Abgewertete Popkultur
Daran schließt sich die Frage an, was so eine Schließung für den Musikjournalismus, für den Popkulturjournalismus heißt. In erster Linie bedeutet es natürlich mal weniger Jobs im Kulturjournalismus – für englischsprachige Journalist*innen zwar, aber immerhin. In zweiter Linie bedeutet es aber auch den Wegfall einer etablierten Struktur. Es bedeutet freie Journalist*innen, die eine regelmäßige Einnahmequelle weniger haben, und junge Journalist*innen, die einen Einstiegsweg verlieren. Und in letzter Linie bedeutet es eine Abwertung des Popkulturjournalismus als Ganzes, wenn avancierter Musikjournalismus plötzlich nur noch ein untergeordneter Teil von Gentlemen’s Quarterly ist.
Jetzt kann natürlich der berechtigte Einwand kommen, dass dies nur ein Beispiel unter vielen sei.
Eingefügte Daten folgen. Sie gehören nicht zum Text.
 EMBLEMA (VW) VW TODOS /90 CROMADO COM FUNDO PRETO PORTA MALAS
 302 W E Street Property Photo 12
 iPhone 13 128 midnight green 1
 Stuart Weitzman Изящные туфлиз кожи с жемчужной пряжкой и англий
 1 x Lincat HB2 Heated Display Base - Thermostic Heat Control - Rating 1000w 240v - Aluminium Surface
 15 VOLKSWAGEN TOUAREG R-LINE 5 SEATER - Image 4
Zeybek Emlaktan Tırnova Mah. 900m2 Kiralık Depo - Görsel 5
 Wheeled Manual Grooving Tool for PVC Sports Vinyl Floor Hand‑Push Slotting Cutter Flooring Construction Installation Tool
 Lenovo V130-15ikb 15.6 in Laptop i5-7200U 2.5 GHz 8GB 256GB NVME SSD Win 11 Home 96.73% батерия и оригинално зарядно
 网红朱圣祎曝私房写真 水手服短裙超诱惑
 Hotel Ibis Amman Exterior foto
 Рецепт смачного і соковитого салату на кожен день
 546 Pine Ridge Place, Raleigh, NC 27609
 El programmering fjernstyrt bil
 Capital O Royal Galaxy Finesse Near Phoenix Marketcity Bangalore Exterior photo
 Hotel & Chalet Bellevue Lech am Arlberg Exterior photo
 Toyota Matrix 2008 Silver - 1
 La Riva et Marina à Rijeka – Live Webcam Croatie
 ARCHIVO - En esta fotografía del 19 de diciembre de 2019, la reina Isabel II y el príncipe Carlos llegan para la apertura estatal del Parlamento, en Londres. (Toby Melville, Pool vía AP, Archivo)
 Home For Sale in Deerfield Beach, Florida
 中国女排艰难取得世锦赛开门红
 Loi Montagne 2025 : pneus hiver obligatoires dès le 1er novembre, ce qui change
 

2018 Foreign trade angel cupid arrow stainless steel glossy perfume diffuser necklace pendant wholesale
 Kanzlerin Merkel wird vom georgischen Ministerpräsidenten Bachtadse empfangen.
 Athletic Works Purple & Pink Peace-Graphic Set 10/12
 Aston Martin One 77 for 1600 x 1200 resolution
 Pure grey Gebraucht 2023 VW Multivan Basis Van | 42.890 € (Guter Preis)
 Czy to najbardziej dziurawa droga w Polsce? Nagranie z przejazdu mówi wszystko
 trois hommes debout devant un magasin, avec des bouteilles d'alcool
Gibt es denn nicht eine Vielzahl an anderen jüngeren innovativeren Online-Popkulturredaktionen? Könnten diese den Verlust etablierter Strukturen nicht auffangen und neue Wege für junge Journalist*innen bieten? Könnten sie nicht Popkulturjournalismus relevanter für eine vernetzte Gegenwart machen als je zuvor? In der Theorie vielleicht, aber in der Praxis scheint mir die Rechnung – wortwörtlich – nicht aufzugehen. Zu oft basiert die Mitarbeit an neuen Onlinemagazinen auf finanzieller (Selbst-)Ausbeutung. Zu oft gibt es kaum redaktionelle Betreuung, kaum unterstützende Strukturen. Zu oft ersetzt Algorithmus-Teesatzlesen eine bewusste und eigenständige Linie. Aus Journalismus wird so »Content«, der kommerzielle Plattformen befüllt. Plattformen, die privaten Firmen gehören, die die dort geltenden Regeln nach eigenem Gutdünken festlegen. Pressefreiheit? Papperlapapp. Da müssen Kämpfe neu ausgefochten werden, die eigentlich schon seit Generationen gesettelt schienen. Grab the pitchforks!
Wenn also Journalismus in gefestigten Strukturen nach und nach verschwindet, weil er zu viel kostet, zu viel Arbeit ist, zu wenig Return on Investment bietet, und sich neue Strukturen nicht rechtzeitig etablieren können, dann wird Journalismus früher oder später seinen gesellschaftlichen Stellenwert verlieren. Dann entscheiden nur noch die Marketingetats der Unternehmen, worüber berichtet werden kann. Nur noch die undurchsichtigen Algorithmen, was Aufmerksamkeit verdient. Keine schönen Aussichten für fundierte Meinungen, für eine Diversität an Perspektiven und für eine kritische Gesellschaft.
Zum Zeitpunkt der Publikation wurde auf pitchfork.com noch veröffentlicht und die vorerst letzten Artikel auf vice.com stammten vom 22. Februar 2024.